Advantages: Short response time, resistance to contamination, small dimensions, and affordable price.

Dew Point Sensors Dew point sensors contain two sensors: relative humidity sensor temperature sensor. The signal regarding humidity and temperature goes to a transmitter where the dew point temperature is derived.

Measurement result depends on correct humidity sensor selection

To determine the pressure dew point of compressed air, the correct type of sensor must be chosen. Humidity sensors are designed for different dew point temperature measurement ranges.

Dew point temperature is given in degrees Celsius: °Ctd In the documentation, you will always find the dew point temperature measurement range, e.g., from -45 °Ctd to +30 °Ctd. Therefore, we must find out what dew point temperature we expect at the measurement point. We are most interested in the dew point temperature at the point where air enters the appliances after compression and drying.

Various Humidity Sensor Designs

We have various humidity sensor designs to choose from. Sensors can send measured values to a transmitter or operator panel. Some designs are intended for explosive environments (ATEX).

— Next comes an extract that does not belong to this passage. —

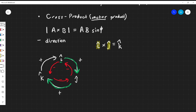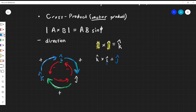Let's see another one: k-hat cross i-hat. I start at the first vector, k-hat, and follow the clockwise outer arrow, which leads me to i-hat — the second vector I want. Continuing in that direction, the final vector I end up with is j-hat. So k-hat cross i-hat equals j-hat. In both examples I'm going clockwise.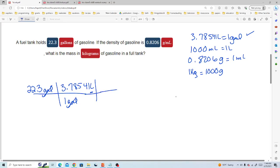Next we'll use the milliliters conversion factor. 1,000 milliliters is 1 liter. So now we can cancel liters and our units are in milliliters.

Images 2, 3, and 4 show sensors with displays. The operator can monitor the instantaneous value directly at the installation site. Image 5 shows a mobile sensor with a lithium-ion battery and integrated data logger for storing measured values. It connects to a computer via USB to transfer data. Mobile sensors are often used by maintenance staff to quickly check dew point temperatures at various points in the compressed air distribution system.

Installation of humidity and dew point sensors

To obtain correct results, pay attention to proper sensor installation. a) Installation of a sensor with a ball valve If the sensor is mounted using a ball valve, it can be easily handled without having to depressurize the compressed air distribution system.
b) Installation in a main pipe branch If the sensor is located in a branch from the main pipe, it is advantageous to use a bleed screw. Even a small gas flow in the branch ensures a faster sensor response to changes in the medium's dew point.
c) Sensor installation in a sampling chamber When measuring very low dew point temperatures, use a sampling chamber. Robust, small-sized probes that are easy to install in the sampling chamber are suitable for this. Humidity measurement using a sampling chamber »
Compressed air can also be fed into the measuring chamber via a tube: pay attention to selecting the correct tube material to prevent water vapor from evaporating from the outside of the tube. Suitable materials: TFE, stainless steel, copper.

Storing humidity sensors

Always store humidity and dew point sensors in a desiccant container. This protects them from moisture that could skew measurement results. When needed, simply remove the sensor from the container and it is immediately ready for measurement.